Vancouver’s electronic music community has been known to let its work reflect its surrounding environments. If anyone has been able to take the sea to sky nature of Vancity and channel it into an album, it’s Loscil.
Sitting somewhere between dub techno and ambient with a nicely reflected icing of post-rock sensibility, Scott Morgan has spent the last five years making music to be underwater to, or at least it feels like it most days. His is a synth and dub bass movement that idles along beautifully, as reminiscent of a summer day starting at the waters around Granville Island as it is a fall’s rain dropping on the window.
Scott’s latest record as Loscil, “Endless Falls,” continues this trend of aquatic wonder and also continues his slightly more tangible territory for those who may not be able to wrap their head around ambient. Scott frequently drums for Vancouver Indie legends Destroyer and has remixed the band to great effect in the past. So band leader and Vancouver’s unofficial poet-laureate Dan Bejar returns to favor with Loscil’s first vocal track, a tune called the making of grief point that would make the top 40 in another dimension.
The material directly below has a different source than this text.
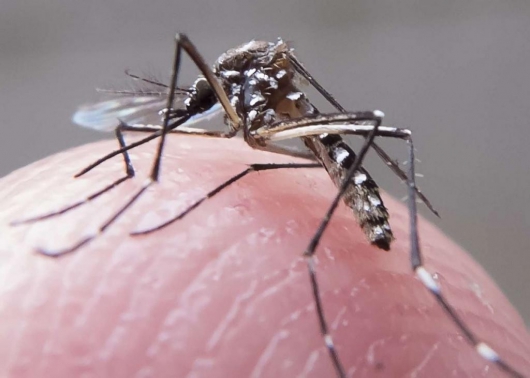 Anvisa registra teste rápido para detecção do vírus Zika em até 20 minutos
It’s this kind of hybrid musical approach that defines in many ways where Vancouver music is going. Bands like Basketball sit on bills with dubstep DJs just as easily as they do at Indie rock shows. You Say Party, We Say Die looks like an your average Indie rock band until they break the kind of disco-punk breakdowns that could almost be an acid version of LCD Soundsystem. Even local industrial rockers Left Spine Down are pushing deeper into an almost unrecognizable form of electro-rock.
Vancouver as post-ambient-rock-bass haven for 2011? If things keep up, I’d think so.